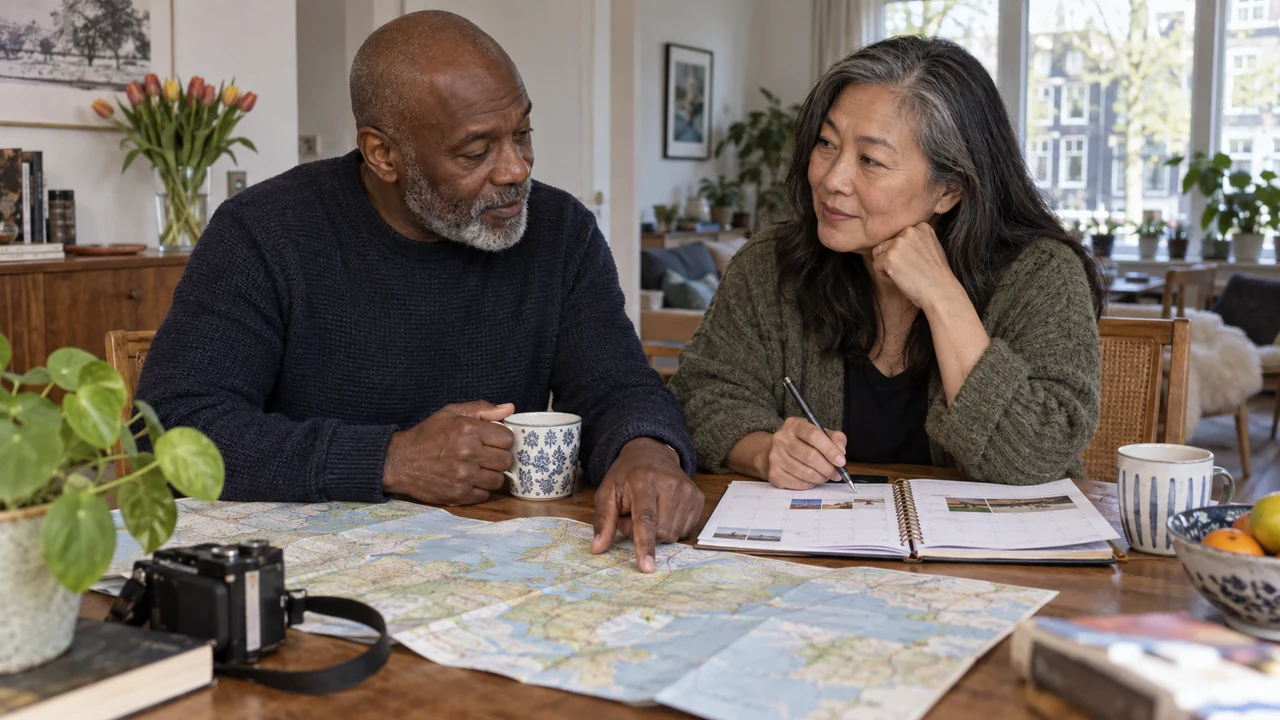 Couple planning a serious relationship after 50 through travel and shared time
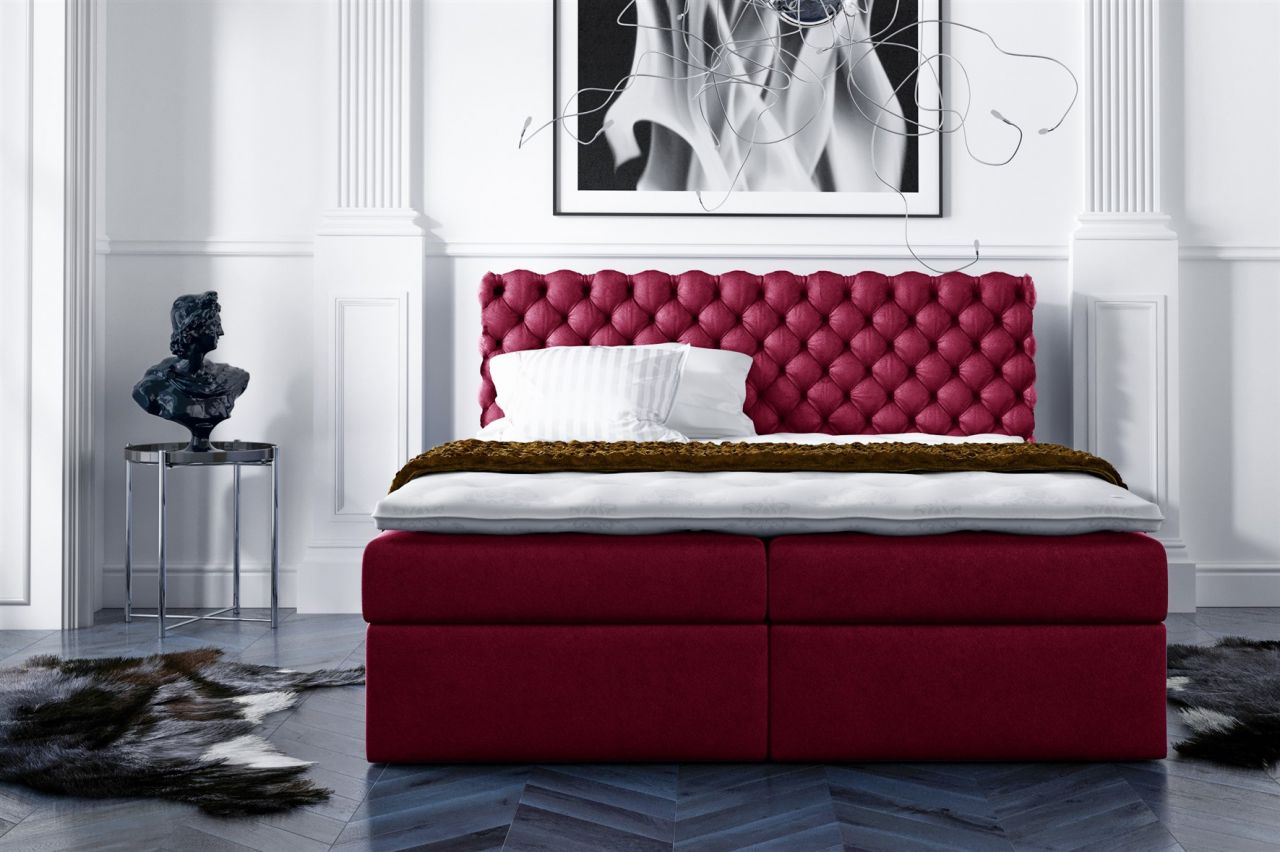 Boxspringbett Schlafzimmerbett PARINI 120x200cm Rot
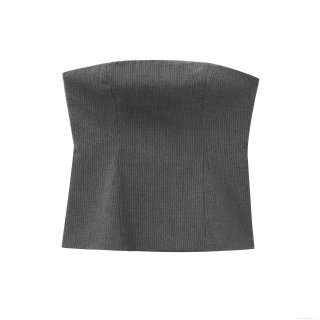 Women's Grey Pinstripe Strapless Tube Top Slim Fit Sexy Bustier Crop Top Worsted Fabric Sleeveless Tank Top for Party Club Sophisticated Lady Style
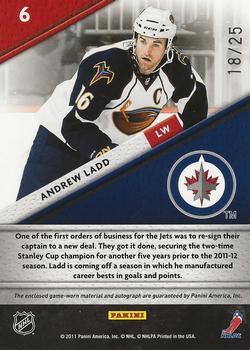 2011-12 Panini Certified - Fabric of the Game Jersey Number Autographs #6 Andrew Ladd Back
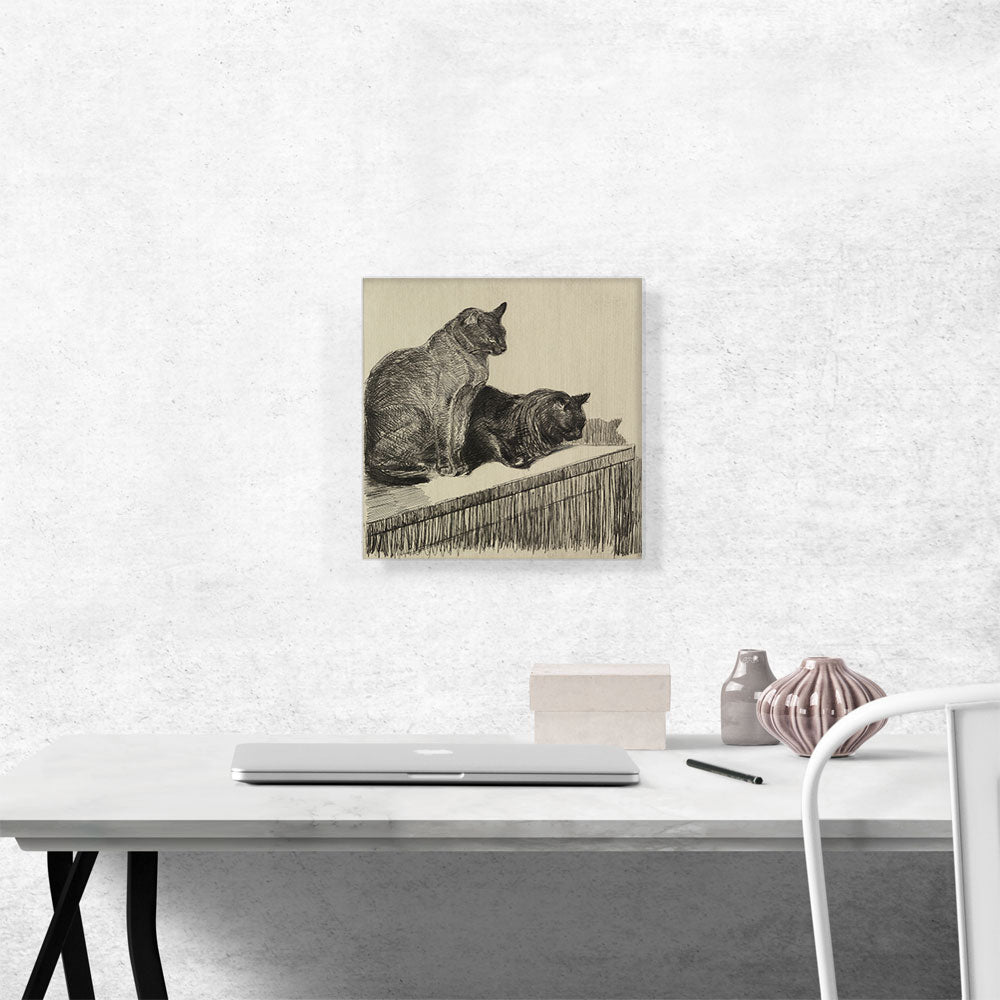 Deux Chats Sur Un Meuble 1914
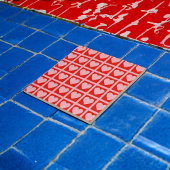 Retro Roze rood hartonderzoek Y2K-patroon Tegeltje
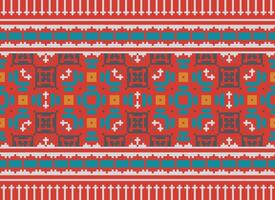 Geometric patterns of modern stylish texture. Borders in the form of a pixel ornament for embroidery, ceramic tiles and textile interior design elements. Seamless illustration vector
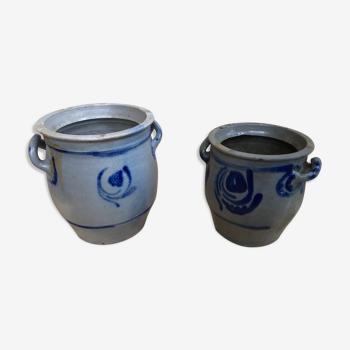Paire ancien pot grès bleu alsace décoration XIXeme vintage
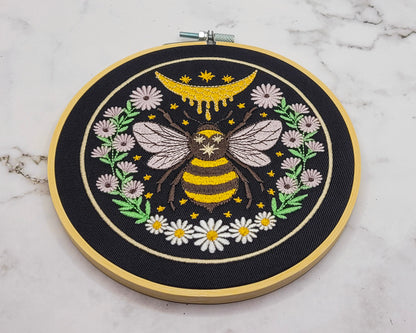 6" Bee & Honey Embroidered Wall Hanging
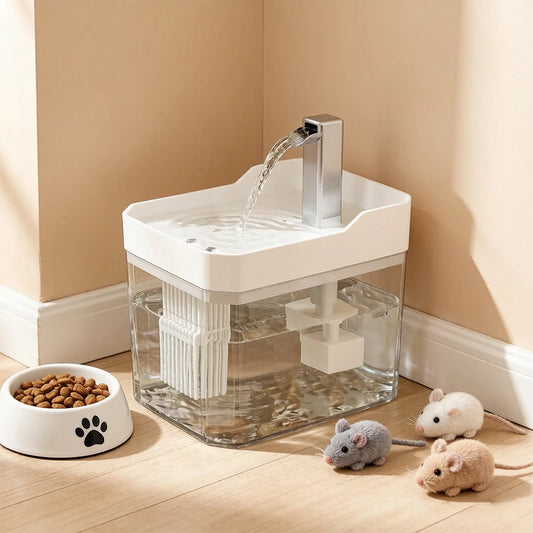 Cat Water Fountain – 1.5L Clear Tank with Filter, USB-C Powered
□ □ □
# What to work on:
From the records above, copy exactly the stretch from the line holding "Women's Grey Pinstripe" through the line holding "Retro Roze rood", both ends included, without the pictures.

# Answer below:
 Women's Grey Pinstripe Strapless Tube Top Slim Fit Sexy Bustier Crop Top Worsted Fabric Sleeveless Tank Top for Party Club Sophisticated Lady Style
 2011-12 Panini Certified - Fabric of the Game Jersey Number Autographs #6 Andrew Ladd Back
 Deux Chats Sur Un Meuble 1914
 Retro Roze rood hartonderzoek Y2K-patroon Tegeltje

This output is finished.